玄奘法师以探险家般的胆魄,勇士般百折不挠的意志,只身一人,进入了方圆八百里的莫贺延碛大沙漠。莫贺延碛大沙漠位于罗布泊和玉门关之间,今称“哈顺戈壁”,“上无飞鸟,下无走兽,草木不生,人迹罕绝;时而风卷沙石,时而暴晒湿蒸;时而见枯骨遍野,战场遗迹;时而见凶恶野兽,鬼魅影像……”白天,太阳无情的暴晒使地表温度极高,根本无法落脚,法师只能把自己埋在沙间,待到夜间出来赶路。大沙漠广阔无垠,玄奘法师一时迷失了方向。不仅如此,在迷途中,他不小心打翻了水袋,茫茫沙海中,失去了饮水意味着丧失了一切生存下去的希望。在几近绝望的境地下,法师几乎要放弃西行的计划,但最初的志愿一直鼓舞着他。法师以“宁向西天一步死,不向东土半步生”的决心,忍饥挨渴,怀揣一腔追求真理的热情和为众生求福祉的悲愿,以坚强的意志,九死一生,最终战胜了种种磨难。
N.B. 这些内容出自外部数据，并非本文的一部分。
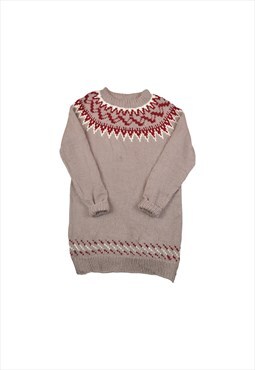 Vintage Knitwear Sweater Scandi Pattern Beige Ladies Medium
走出莫贺延碛,路经高昌国,高昌王麴文泰对玄奘法师崇高的僧格和高深的佛学造诣非常敬仰,给予厚供,拜为国师,并结为兄弟之盟,苦慰劝留,希望法师留在高昌国。玄奘法师求法志愿坚定,绝食四天。高昌王被法师矢志不渝的精神所感动,只好为法师备好粮草盘缠,并挑选国内僧人及侍从数人,护送法师西行。
玄奘法师带队翻越雪山葱岭,途中染上了冷病,一直到晚年,这种病仍不时发作。但是法师西行求法的意志在各种苦难的磨砺下变得更加坚定。他取道阿富汗进入今天印度境内,沿途瞻礼圣迹,直至那烂陀寺。
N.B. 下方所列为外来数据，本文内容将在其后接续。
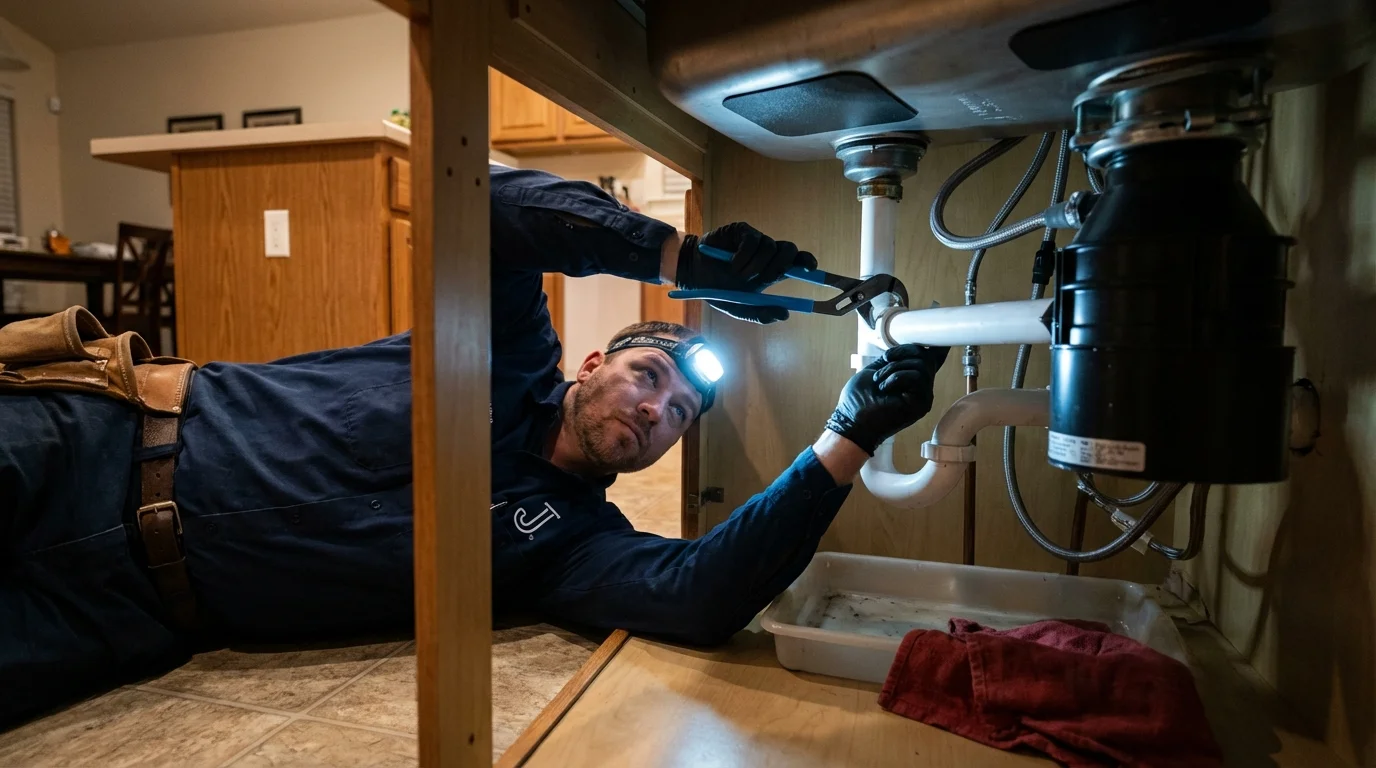 P-trap and supply line connections under a kitchen sink showing a common leak point in El Paso, IL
那烂陀寺是当时佛教的最高学府,戒贤论师是寺里地位最崇高的导师。玄奘法师跟从戒贤论师学习唯识学,被列在十位上首弟子之内。在此求学的六年中,法师学习了《瑜伽师地论》,又学了《显扬论》、《大毗婆沙论》、《俱舍论》、《顺正理论》、《对法论》、《因明论》、《声明论》、《集量论》、《中论》、《百论》等论,钻研诸部法义。此后,法师游历五天竺圣迹,遍访名师。他亲近胜军论师三年,学习《唯识抉择论》、《意义论》、《十二因缘论》、《庄严论》,研究因明等诸多问题,并竭力寻求梵本原典。法师从南印度游学归来后,回到那烂陀寺,奉戒贤论师之命,在寺内讲授《摄大乘论》、《唯识抉择论》。当时有师子光论师在那烂陀寺讲授龙树一系的《中论》与《百论》,辩驳玄奘法师的观点。法师于是会和中观、瑜伽两宗,著《会宗论》三千偈颂破斥师子光论师的观点。后又著《制恶见论》一千六百偈颂破斥小乘论师的《破大乘论》,因而名震五天竺。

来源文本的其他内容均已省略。